And while the Prakticar/Flektogon is optically not the best lens in the comparison, it does a really good job and performs very evenly. This is especially remarkable, because it performs well in especially those situations (CA’s, night-shots) when you would not expect an old 6-element design to perform. The Flek’s one real weakness is associated with its most obvious strength: while it has the shortest MFD (leadning to the highest magnification) of the lot, its corner sharpness at shorter focusing distances is somewhat frown-inducing (from f/2.4 to f/5.6).

Konica Hexanon AR 35 mm f/2

Basic specs and handling
Although at 286 g the Konica is of median weight, it is one of the larger (by volume) lenses in this test. Given that the authority on Hexanon lenses ( gives it a weight of 320 grams (34 grams more than this sample), I suspect this last iteration has been significantly weight-trimmed, resulting in a lens which feels like a solid chunk of optics, without being especially heavy.
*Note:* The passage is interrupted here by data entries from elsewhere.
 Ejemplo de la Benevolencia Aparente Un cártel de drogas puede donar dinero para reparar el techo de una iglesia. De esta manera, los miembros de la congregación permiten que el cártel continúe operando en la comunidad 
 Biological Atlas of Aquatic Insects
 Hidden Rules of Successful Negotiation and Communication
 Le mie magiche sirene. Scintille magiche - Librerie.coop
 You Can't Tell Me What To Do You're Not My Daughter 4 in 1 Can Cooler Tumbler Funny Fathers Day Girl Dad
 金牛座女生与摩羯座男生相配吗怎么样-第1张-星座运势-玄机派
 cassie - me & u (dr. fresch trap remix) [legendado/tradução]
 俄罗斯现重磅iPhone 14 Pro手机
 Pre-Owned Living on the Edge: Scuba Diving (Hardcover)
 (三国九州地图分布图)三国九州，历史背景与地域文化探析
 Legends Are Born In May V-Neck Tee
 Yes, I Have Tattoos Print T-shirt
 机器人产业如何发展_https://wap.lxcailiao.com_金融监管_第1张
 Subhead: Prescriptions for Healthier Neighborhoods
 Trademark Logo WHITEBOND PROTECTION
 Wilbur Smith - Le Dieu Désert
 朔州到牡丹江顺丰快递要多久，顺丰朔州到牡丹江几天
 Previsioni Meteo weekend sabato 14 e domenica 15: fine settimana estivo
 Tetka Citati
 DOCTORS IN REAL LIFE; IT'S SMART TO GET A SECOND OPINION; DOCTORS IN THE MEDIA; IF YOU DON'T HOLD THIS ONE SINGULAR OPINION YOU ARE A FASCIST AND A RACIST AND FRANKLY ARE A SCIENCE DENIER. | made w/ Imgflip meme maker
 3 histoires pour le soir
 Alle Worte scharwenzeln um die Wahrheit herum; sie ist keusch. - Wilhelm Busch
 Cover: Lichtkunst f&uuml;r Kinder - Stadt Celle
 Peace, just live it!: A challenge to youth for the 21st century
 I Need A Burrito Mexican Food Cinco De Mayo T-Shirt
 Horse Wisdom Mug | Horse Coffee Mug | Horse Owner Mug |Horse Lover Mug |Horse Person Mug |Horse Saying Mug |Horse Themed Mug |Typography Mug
Personally, I very much like the Konica design philosophy, and this lens does not disappoint (even though I am partial towards the older Konica models with milled metal focus rings). This lens looks solid and has a nice form, the focus ring is wide and grippy, and the focus throw is more than decent. Sadly, this is one of the many Hexanon lenses which – while they sport an aperture ring – were not designed for on-lens aperture manipulation (Konica was one of the pioneers of shutter-priority auto-exposure. Hence, shooting aperture was designed to be set by the camera body). Not surprisingly therefore, the aperture ring is not a pleasure to use.

Image quality
The optical design of the Konica Hexanon 35/2 stayed the same (coatings were obviously brought up-to-date) throughout the entire history of the Konica AR mount (1971-1987). Moreover, optically this is the same lens as the Konica F-bayonet 35/2 introduced in the early 1960’s. In short, the lens was good enough to survive two photographic revolutions without needing a total redesign. And even in this comparison – where it is up against some very stiff competition – the Hexanon 35/2 makes a good showing.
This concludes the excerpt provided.